Chancellor Helmut Kohl once declared Germany a "non-immigration country." Today, Germany knows it needs migrants, and is in fact a top destination for immigrants. But integration policies can be improved, a study finds.
Germany is making slow but steady progress where integration policies are concerned, but there's still much left to be done, fresh data shows.
The Migrant Integration Policy Index (MIPEX) study compares how successfully immigrants are integrated in 38 industrial nations. The study uses almost 150 indicators to measure policies in all 28 EU member states, the US, Australia, Japan, Turkey and other industrialized nations. That, the Migration Policy Group (MPG) website explains, helps "to create a rich, multi-dimensional picture of migrants' opportunities to participate in society."
The authors of the new MIPEX study - the fourth since 2004 - commend Germany for making "slow but steady progress on providing equal rights and greater support."
Germany did better this time, reaching 61 out of a total of 100 points - three more than the last report in 2011 - and scoring well above the Western European average of 52 points.

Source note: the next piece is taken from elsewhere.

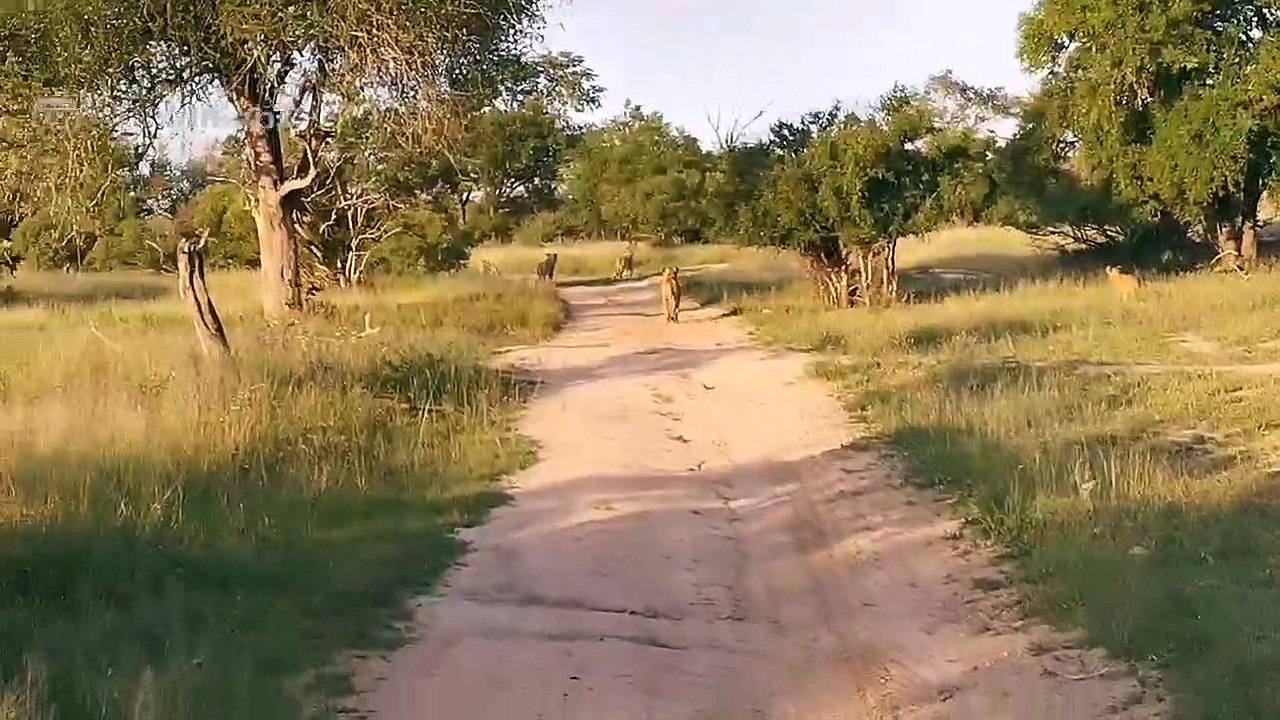 22 Lions on Mala Mala - LIVE! (2)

Among its improvements was the passing of a law in 2012 making easier the process by which foreign professional qualifications are officially recognized.
In terms of job opportunities, Germany came in fourth along with Canada, which has a much longer history of migration. According to the report, 78 percent of immigrants in Germany have jobs.
Labor market mobility
But Germany did less well concerning equality in the workplace. It is just as difficult for immigrants to take their employers to court over workplace discrimination as in the Czech Republic or Turkey, the study's authors say.
Citizenship laws get a mixed assessment in the study. The relative ease with which one can get citizenship in Germany is mentioned as a positive aspect - here, Germany ranked third - but the fact that immigrant children can only get a second nationality under certain conditions is seen as far too restrictive.
Germany is the only major industrialized nation that has not yet embraced dual nationality.
Germany is also criticized for restrictions placed on entire families moving to the country together. Again, laws are too restrictive, the study says, and give the term 'family' too narrow a definition. Health policies for migrants are also lacking, the study says: in this category, Germany ranks 22nd and therefore beneath the Western European average.
The MIPEX authors urge Germany to take a fundamentally different stance on how it develops immigration and integration strategies: "Integration policies must be a responsibility of ministries not mainly involved with security policies."